## Work order
The answer must consist of every line in the data below that holds the word "with".

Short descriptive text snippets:
○ ○ ○ ○ ○ ○ ○

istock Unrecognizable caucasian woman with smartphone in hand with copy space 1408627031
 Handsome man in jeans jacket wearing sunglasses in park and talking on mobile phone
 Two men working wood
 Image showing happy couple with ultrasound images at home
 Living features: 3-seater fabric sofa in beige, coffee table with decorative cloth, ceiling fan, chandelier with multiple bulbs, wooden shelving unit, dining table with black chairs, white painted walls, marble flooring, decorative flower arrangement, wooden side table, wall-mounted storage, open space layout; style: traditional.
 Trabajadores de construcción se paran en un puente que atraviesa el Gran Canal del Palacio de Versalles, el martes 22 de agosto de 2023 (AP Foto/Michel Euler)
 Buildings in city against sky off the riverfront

○ ○ ○ ○ ○ ○ ○

## Response area
istock Unrecognizable caucasian woman with smartphone in hand with copy space 1408627031
 Image showing happy couple with ultrasound images at home
 Living features: 3-seater fabric sofa in beige, coffee table with decorative cloth, ceiling fan, chandelier with multiple bulbs, wooden shelving unit, dining table with black chairs, white painted walls, marble flooring, decorative flower arrangement, wooden side table, wall-mounted storage, open space layout; style: traditional.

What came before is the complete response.